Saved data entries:
--- START ---

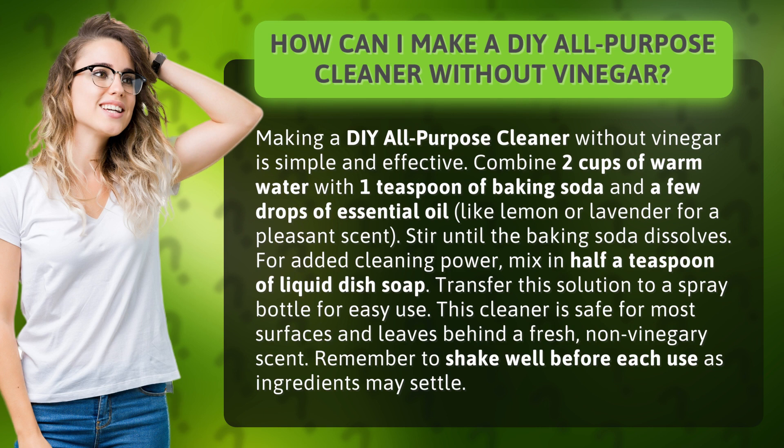Transfer this solution to a spray bottle for easy use. This cleaner is safe for most surfaces and leaves behind a fresh, non-vinegary scent. Remember to shake well before each use as ingredients may settle.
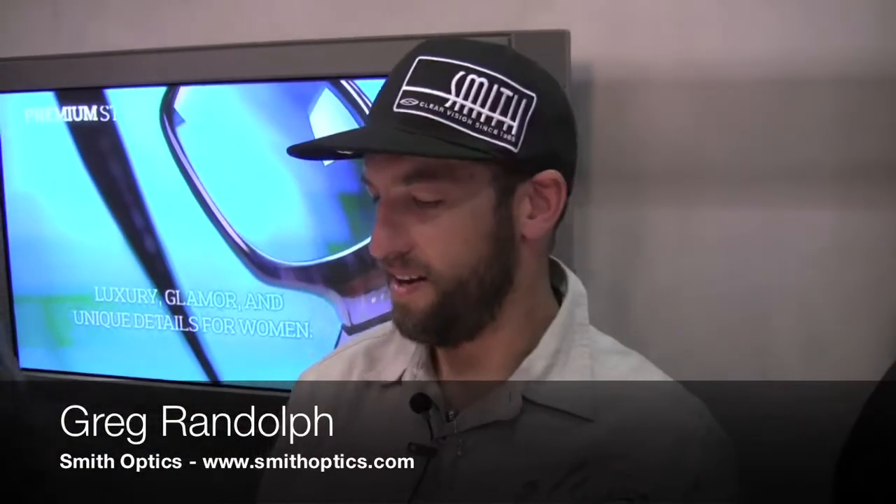How's it going? I'm Greg Grandoff here at Smith Optics at Interbike, and for all the guys out there reading Road Bike Review, we've got a few new products of interest.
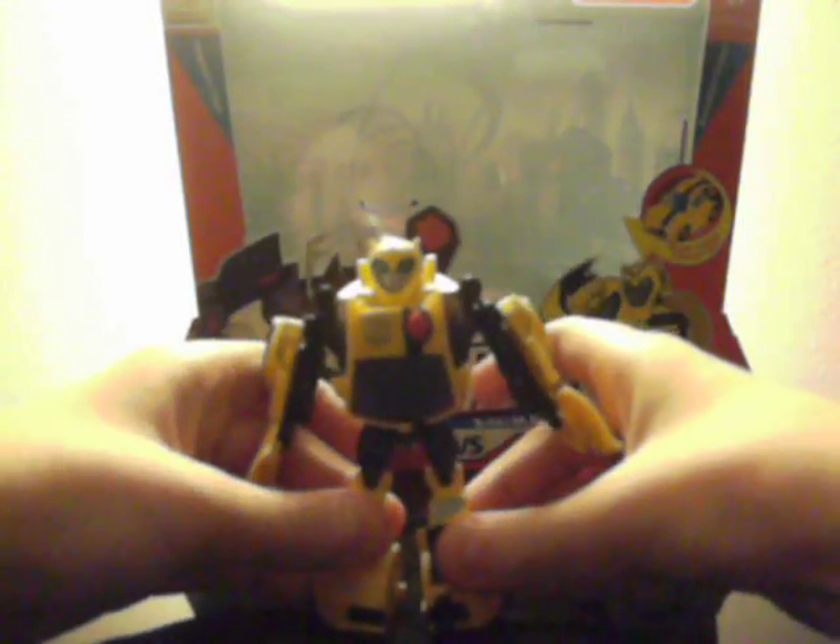Very good articulation, pretty good detail. Overall I give the robot mode a 4.5 out of 5. So he overall gets an 8.5 out of 10.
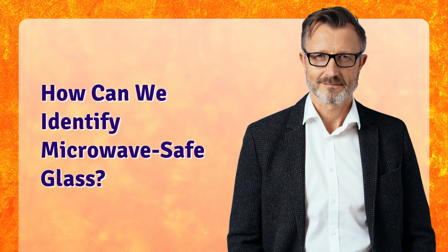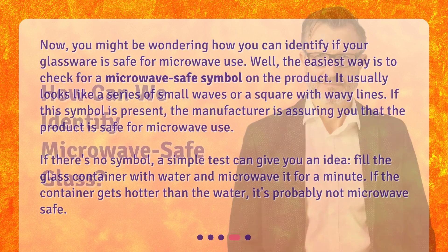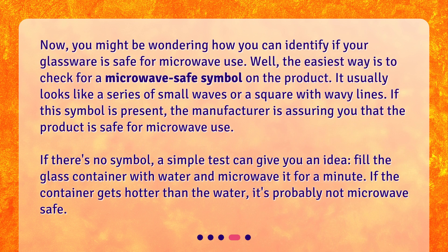How can we identify microwave-safe glass? Now, you might be wondering how you can identify if your glassware is safe for microwave use. Well, the easiest way is to check for a microwave-safe symbol on the product. It usually looks like a series of small waves or a square with wavy lines. If this symbol is present, the manufacturer is assuring you that the product is safe for microwave use. If there's no symbol, a simple test can give you an idea: fill the glass container with water and microwave it for a minute. If the container gets hotter than the water, it's probably not microwave-safe.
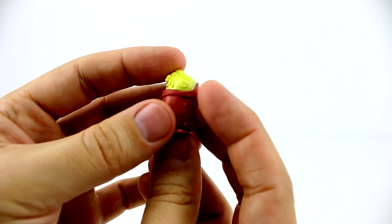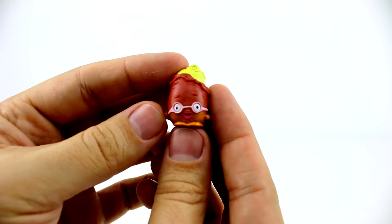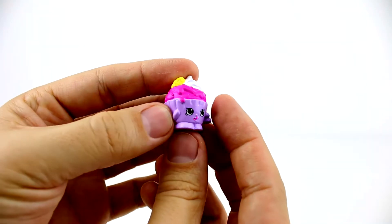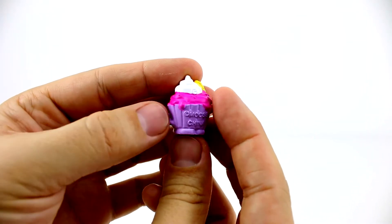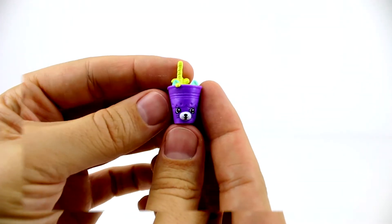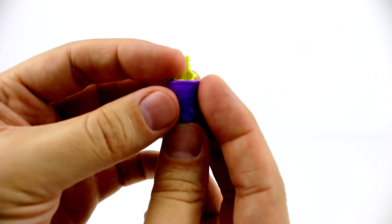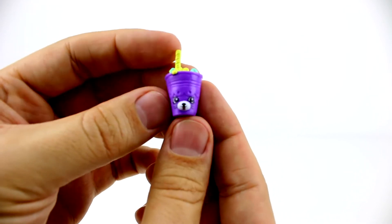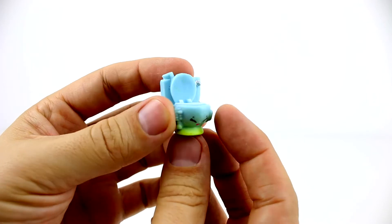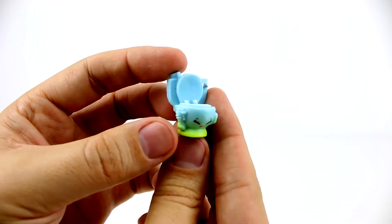So we have this little guy, Peely Potato. This is Ice Cream Queen. Oh, a dinky drink — he's so cute. And this one's called Flushers, although I think she might have come from the ugliest pet shop collection. I'm not sure.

--- END ---

WHAT YOU HAVE TO DO:
Lines starting at the one with "Very good articulation, pretty" and ending at the last line of the entries above must be restated word for word, with pictures omitted.

ANSWER BOX:
Very good articulation, pretty good detail. Overall I give the robot mode a 4.5 out of 5. So he overall gets an 8.5 out of 10.
How can we identify microwave-safe glass? Now, you might be wondering how you can identify if your glassware is safe for microwave use. Well, the easiest way is to check for a microwave-safe symbol on the product. It usually looks like a series of small waves or a square with wavy lines. If this symbol is present, the manufacturer is assuring you that the product is safe for microwave use. If there's no symbol, a simple test can give you an idea: fill the glass container with water and microwave it for a minute. If the container gets hotter than the water, it's probably not microwave-safe.
So we have this little guy, Peely Potato. This is Ice Cream Queen. Oh, a dinky drink — he's so cute. And this one's called Flushers, although I think she might have come from the ugliest pet shop collection. I'm not sure.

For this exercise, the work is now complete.